Micah Messent in a Facebook photo, posted on June 14, 2018. Messent was one of 18 Canadians who died when an Ethiopian Airlines jetliner crashed south of the nation's capital on Sunday, killing all 157 people on board. Messent was en route to a UN conference in Kenya. (Micah Messent/Facebook)

Micah Messent, an ardent young environmentalist who devoted his rising career to protecting the world's oceans and sharing Indigenous teachings, was one of 18 Canadians killed in an Ethiopian Airlines plane crash on Sunday.

The Boeing 737 Max 8 jetliner crashed near Bishoftu, south of Addis Ababa, shortly after takeoff, killing all 157 people on board.

Like many others on the plane, Messent was on his way to meet other young leaders for the United Nations Environment Assembly, held this week in Kenya. He'd been chosen to go to the conference as a Canadian representative.

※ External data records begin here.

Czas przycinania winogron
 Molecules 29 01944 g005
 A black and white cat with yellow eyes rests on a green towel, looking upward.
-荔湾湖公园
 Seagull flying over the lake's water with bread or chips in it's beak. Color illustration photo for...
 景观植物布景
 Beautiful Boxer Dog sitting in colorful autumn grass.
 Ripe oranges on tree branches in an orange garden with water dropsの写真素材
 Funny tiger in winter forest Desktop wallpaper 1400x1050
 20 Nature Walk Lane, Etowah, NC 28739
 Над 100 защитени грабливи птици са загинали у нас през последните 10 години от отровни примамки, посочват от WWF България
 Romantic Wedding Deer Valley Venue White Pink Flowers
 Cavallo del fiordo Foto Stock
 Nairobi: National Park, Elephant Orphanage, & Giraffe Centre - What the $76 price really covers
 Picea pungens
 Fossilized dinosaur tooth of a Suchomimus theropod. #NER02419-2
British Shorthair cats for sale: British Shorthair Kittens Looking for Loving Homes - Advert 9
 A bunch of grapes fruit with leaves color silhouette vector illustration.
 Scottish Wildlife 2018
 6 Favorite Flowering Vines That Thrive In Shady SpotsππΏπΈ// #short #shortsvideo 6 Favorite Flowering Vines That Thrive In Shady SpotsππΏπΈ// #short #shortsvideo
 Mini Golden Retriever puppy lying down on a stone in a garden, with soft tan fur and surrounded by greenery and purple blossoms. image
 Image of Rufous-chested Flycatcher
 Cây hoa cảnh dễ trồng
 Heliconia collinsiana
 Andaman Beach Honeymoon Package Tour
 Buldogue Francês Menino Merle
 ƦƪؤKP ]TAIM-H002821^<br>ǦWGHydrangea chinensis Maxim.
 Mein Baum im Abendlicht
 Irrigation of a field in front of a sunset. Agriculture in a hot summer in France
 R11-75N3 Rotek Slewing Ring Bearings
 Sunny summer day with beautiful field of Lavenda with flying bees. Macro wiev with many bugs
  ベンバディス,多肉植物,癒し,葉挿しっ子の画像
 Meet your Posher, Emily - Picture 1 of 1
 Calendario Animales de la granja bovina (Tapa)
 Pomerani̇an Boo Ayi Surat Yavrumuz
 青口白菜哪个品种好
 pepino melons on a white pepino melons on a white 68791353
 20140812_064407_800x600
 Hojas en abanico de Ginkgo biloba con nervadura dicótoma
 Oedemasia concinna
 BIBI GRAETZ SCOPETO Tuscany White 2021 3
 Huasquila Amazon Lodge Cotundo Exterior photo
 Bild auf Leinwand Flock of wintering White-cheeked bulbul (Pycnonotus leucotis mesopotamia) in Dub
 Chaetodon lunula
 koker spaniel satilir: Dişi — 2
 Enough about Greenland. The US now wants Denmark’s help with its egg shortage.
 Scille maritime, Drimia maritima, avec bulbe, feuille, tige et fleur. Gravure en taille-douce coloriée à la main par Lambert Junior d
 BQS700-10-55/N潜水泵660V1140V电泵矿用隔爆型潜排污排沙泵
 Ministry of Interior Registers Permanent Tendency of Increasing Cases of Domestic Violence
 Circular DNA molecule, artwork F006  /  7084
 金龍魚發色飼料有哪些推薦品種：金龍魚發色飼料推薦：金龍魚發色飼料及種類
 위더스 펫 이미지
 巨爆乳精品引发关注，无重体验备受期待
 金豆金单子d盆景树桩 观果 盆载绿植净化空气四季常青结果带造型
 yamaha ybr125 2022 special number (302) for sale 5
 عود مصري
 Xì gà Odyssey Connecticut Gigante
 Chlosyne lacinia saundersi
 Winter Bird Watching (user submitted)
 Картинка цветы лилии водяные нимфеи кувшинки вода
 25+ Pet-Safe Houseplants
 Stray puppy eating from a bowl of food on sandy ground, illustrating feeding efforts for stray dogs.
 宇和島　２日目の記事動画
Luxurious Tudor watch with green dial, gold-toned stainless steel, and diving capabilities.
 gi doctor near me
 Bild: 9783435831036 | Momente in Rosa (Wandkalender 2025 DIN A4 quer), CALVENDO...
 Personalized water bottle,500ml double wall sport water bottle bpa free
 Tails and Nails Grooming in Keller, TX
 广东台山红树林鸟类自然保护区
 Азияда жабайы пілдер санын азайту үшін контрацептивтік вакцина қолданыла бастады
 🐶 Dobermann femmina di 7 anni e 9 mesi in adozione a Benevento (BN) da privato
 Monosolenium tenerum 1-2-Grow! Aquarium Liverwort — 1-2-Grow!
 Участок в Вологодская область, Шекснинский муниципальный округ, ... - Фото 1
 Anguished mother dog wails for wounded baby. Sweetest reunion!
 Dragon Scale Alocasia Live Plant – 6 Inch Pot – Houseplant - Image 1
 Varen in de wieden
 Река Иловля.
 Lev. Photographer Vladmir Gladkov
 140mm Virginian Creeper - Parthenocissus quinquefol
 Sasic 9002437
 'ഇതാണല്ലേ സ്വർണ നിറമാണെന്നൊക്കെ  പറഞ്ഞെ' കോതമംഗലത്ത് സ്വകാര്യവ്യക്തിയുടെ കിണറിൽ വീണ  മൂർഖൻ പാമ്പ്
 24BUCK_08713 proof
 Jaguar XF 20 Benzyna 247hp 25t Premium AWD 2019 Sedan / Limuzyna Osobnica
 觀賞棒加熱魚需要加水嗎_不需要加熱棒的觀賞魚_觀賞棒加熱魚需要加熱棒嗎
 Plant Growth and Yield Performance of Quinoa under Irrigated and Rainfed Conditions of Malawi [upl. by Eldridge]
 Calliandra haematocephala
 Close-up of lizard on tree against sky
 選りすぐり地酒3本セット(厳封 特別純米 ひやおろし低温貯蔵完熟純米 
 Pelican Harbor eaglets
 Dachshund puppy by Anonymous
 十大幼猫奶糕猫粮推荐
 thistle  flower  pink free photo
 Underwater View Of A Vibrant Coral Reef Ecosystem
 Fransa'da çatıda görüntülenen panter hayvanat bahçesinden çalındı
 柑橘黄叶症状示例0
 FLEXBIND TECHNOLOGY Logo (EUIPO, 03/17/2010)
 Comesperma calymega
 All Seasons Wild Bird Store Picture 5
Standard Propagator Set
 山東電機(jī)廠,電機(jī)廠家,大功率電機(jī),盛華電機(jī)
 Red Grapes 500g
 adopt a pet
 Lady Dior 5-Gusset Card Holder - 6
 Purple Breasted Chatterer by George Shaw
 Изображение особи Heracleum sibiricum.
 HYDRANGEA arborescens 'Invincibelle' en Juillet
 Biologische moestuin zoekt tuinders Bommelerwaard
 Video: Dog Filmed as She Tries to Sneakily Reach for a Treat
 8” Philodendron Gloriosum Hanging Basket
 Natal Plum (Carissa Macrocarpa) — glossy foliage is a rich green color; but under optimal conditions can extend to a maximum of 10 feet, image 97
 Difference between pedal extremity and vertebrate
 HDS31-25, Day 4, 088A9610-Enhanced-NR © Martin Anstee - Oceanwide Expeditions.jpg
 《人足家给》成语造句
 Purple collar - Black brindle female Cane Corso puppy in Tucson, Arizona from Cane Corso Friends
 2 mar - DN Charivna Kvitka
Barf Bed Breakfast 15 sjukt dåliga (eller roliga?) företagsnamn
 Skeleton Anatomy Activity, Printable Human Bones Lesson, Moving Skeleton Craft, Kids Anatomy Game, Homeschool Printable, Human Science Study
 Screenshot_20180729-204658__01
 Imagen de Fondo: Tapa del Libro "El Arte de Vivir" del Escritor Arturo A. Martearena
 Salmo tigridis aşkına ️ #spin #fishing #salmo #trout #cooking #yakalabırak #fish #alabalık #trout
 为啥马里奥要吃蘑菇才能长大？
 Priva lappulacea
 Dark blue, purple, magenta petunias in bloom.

He posted the news of his trip as a "surprise" in his last Instagram post, a day before the crash.

"I'm headed to Kenya TOMORROW where I'll have the chance to meet with other passionate youth and leaders from around the world and explore how we can tackle the biggest challenges that are facing our generation," wrote Messent, who was Métis.

"Im so grateful for this opportunity and want to thank all of the people in my life who have helped me get this far. Wish me luck!"

The rest of Messent's Instagram page shows a young man living out a dream career on the coast where he grew up. He didn't go three date-stamped posts without a picture of the sea; rarely two without a photo crammed between friends or in a quiet moment with a partner.

Reached by phone on Monday, Messent's family acknowledged the news but declined interviews. Condolences for Messent have poured in on social media since news of the crash. 

Youngest of 5 children

Messent was the youngest of five siblings growing up in Courtenay on Vancouver Island's east coast, traditional territory of the K'ómoks First Nation, according to a profile posted online last spring.

Quiet when silence was needed, jokes when laughter was the route.

"Growing up, I spent much of my time exploring various communities across Vancouver Island with my family and sailing around the islands and inlets located throughout the Salish Sea … learning the rich histories and teachings associated with various traditional territories," the profile reads.

After finishing high school in 2013, Messent enrolled in Indigenous studies at Vancouver Island University in Nanaimo, B.C., with a focus on ocean geography.

Messent went on to work for B.C. Parks as an Indigenous Relations Analyst after graduating with his degree four years later. He brought his knowledge to park projects across the province, and he used his Facebook account to implore others to go after scholarships and pursue opportunities to work in and learn more about the outdoors.

Laura Cuthbert, a friend of Messent, wrote in an email that he "cared deeply for this earth and its people."

"Quiet when silence was needed, jokes when laughter was the route. His drive for Indigenous futurisms and sovereignty echoed those he had listened to for his entire life. He was a wonderful listener and a big hearted friend. He connected those he loved to one another and I hope we can continue that echo in this hard time."

The statements that poured in as news of Messent's death spread reflected the scope of the work he had accomplished in his young life.

The First Nations Leadership Council (FNLC) said it was "very saddened" to hear of Messent's passing, writing that he was a well-liked member of the Indigenous Youth Internship Program.

The statement said that Messent was an avid sailor who had planned to return to school to pursue a law degree.

"The FNLC sends deepest condolences to the family, friends and community of Micah Messent during this sad time. As well, we are sending our thoughts to the Indigenous youth interns who worked along side Micah," the statement read in part.

Messent was also part of Ocean Bridge, an ocean conservation program for Canadian youth.

Danielle Moore, a young Winnipeg activist, also died in the crash on Sunday. Like Messent, she was involved with Ocean Bridge and had been on her way to the UN conference.

Danielle Moore poses during a recent trip to Iqaluit, Nunavut, where she helped at the non-profit Pinnguaq Association, teaching robotics and coding to children. (Submitted by Ryan Oliver)

"It is with heavy hearts that we share the loss of two youth, Micah Messent and Danielle Moore ... Micah and Danielle were selected to join a Canada Service Corp Alumni program at the United Nations Environment Assembly in Nairobi."

"Our heartfelt condolences go out to the family and friends of Micah and Danielle, which includes the entire Ocean Bridge cohort."

Other Canadian victims include Carleton University professor Pius Adesanmi, and Derick Lwugi, an accountant from Calgary. Edmonton woman Amina Ibrahim Odowa, 33, and her daughter Sofia Abdulkadir, 5, were also killed.